Situated in the tiny Eastern Art Paintings gallery in the Ashmolean Museum is the exhibition of the “Yakusha-e” prints from Japan. Gallery 29 which houses the Eastern Art Paintings is a corner section in the right hand side of the Ashmolean, with one wall sloping diagonally to create a kind of triangle space. Despite its size, there are a reasonable number of the prints on display, effectively contrasting the older prints from two 19th century artists with those of a more contemporary print maker.
Kabuki is the name for Japan’s theatre tradition which has stretched back more than 400 years, with the “Yakusha-e” being an integral part of the Kabuki legacy. “Yakusha-e” is defined, according to the Ashmolean’s information boards, as the brightly coloured woodblock prints of actors performing in well-known plays in Japan. These prints were then sold on to fans of the plays throughout the centuries to preserve the actors and their work. They are effectively the 17th century equivalent to the modern day posters such as those of Johnny Depp or Robert Pattinson. The “Yakusha-e” often depicted famous performers in positions of intense emotion or drama, symbolising the climax of that particular story. This intense pose is called “mie” and often is illustrated by the crossing of the eyes, particularly amongst male characters, especially the heroes of the story when at the point of defeating the villain. Just like the original productions of Shakespeare’s plays, women actors were banned in Kabuki and therefore men played all the roles, gathering more fame as respected actors.
When the first “Yakusha-e” appeared they were typically full length portraits with minimal background to distract away from the characters themselves. In the exhibition there is a triptych of three postmen or couriers, identified by their black gloves and gaiters, which demonstrate this earlier tendency, despite being made by the 19th century artist Toyohara Kunichika. After the 1790s, a greater variation was seen as portraits were cut to half length, showing the torso and head and focusing in on the actors “bringing the fans much closer to their favourite stars” (Ashmolean).

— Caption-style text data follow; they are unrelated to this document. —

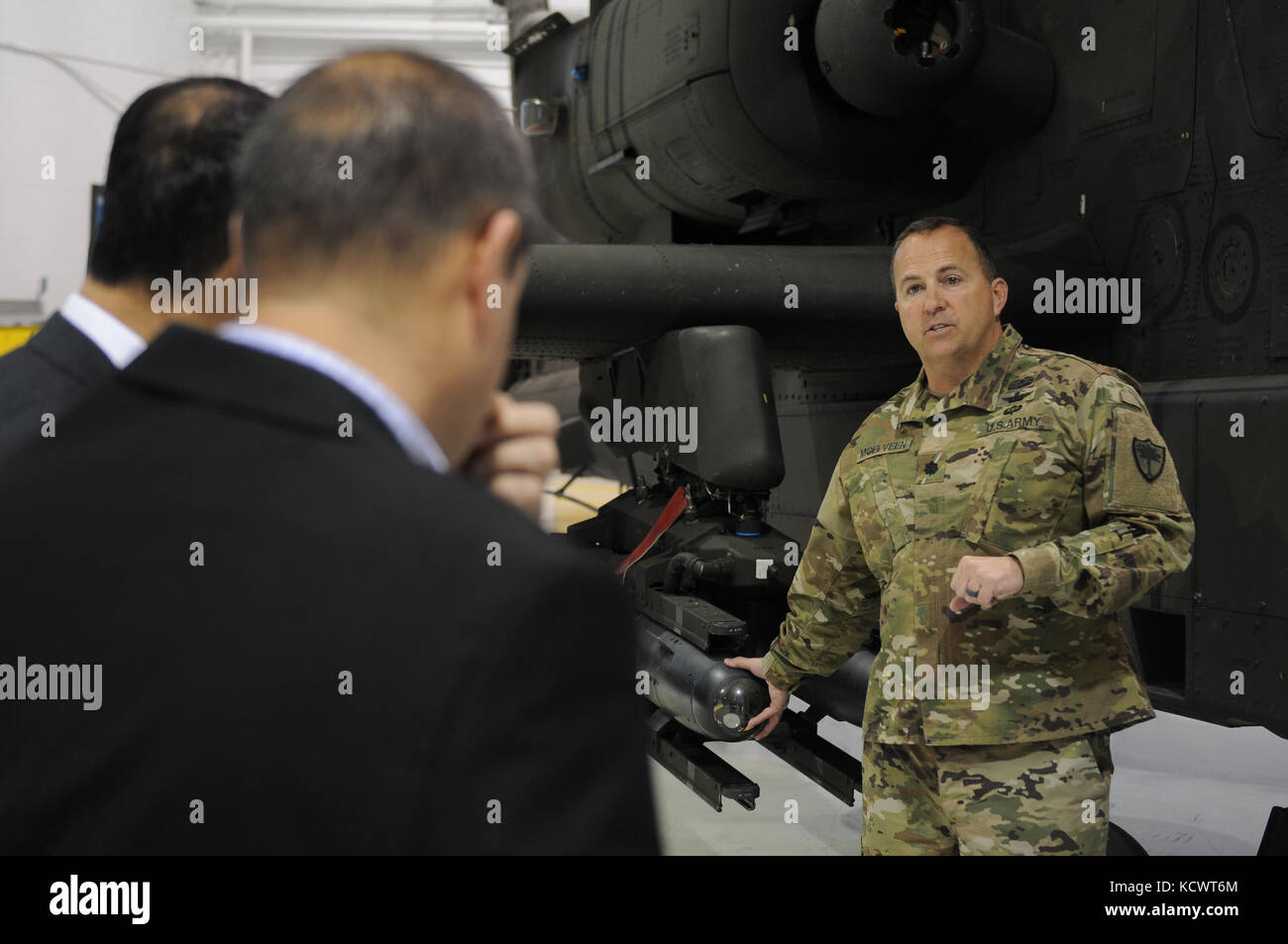 Eine Delegation von Politikern aus der kurdischen Region des Irak besucht Einrichtungen des s.c. National Guard (scng) und dem s.c. Carolina Emergency Management Division (scemd), Columbia, South Carolina, 6. und 7. April 2016. Die US-Armee maj begrüßt. gen. Robert e. Livingston, jr., der Adjutant General für South Carolina und andere wichtige Führer der scng und scemd, Bürgermeister Ibrahim shekhalla und Oberstleutnant srud Saleh abdulkareem, sowohl aus der kurdischen Region des Irak, und U.S. State Department Interpreter, Herr Ismail Haidar, besucht die wichtigsten Notfallmaßnahmen's South Carolina Einrichtungen als Teil einer Stockfoto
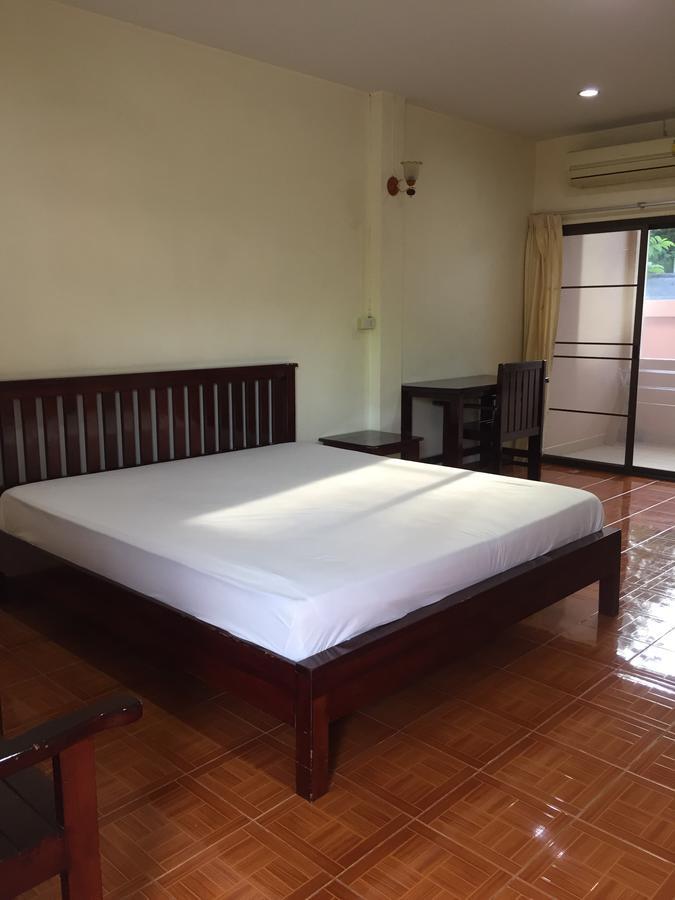 Poon Suk Hotel Kabin Buri Esterno foto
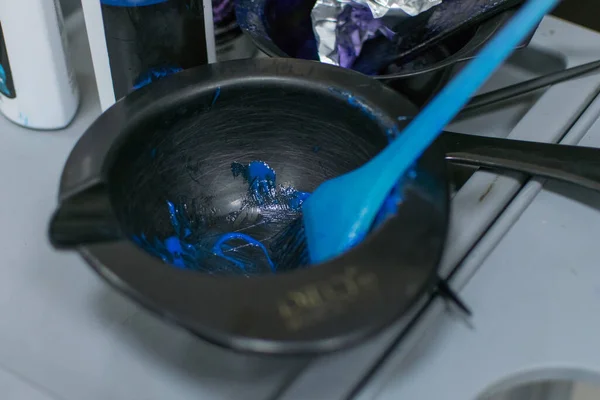 Cepillo Tazón Con Pintura Azul — Foto de Stock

It is this later trend which the exhibition focuses on, displaying prints by the artists Toyohara Kunichika (1835-1900) and Utagawa Kunisada (1786-1864). Their designs are bright and colourful, depicting a centralised character with a busy and scenic background, often with copious writing on scrolls which appear throughout the print. These artists worked on their designs before sending them off to another artist who would then carve their design into a block of wood before paint was applied and the prints were created.
The interesting thing about this exhibition, apart from the vividness and extraordinary eye catching 19th century prints, is that it manages to capture not only the centuries old examples of the Kabuki prints, but also the essence of contemporary reinterpretations around this tradition. It includes a selection of prints by the contemporary artist Tsuruya Kokei and the contrast between the two styles helps redefine the “Yakusha-e” tradition in a similar manner to the 1790 turn around. Kokei’s prints are much sparser than Kunisada’s and Kunichika’s, focusing much more on a simplified, almost caricature-esque, depiction of these actors.
Whether you like bright and colourful pieces of artwork or just generally have an interest in the Eastern Arts, this exhibition has something everyone will enjoy. I whole heartedly recommend it.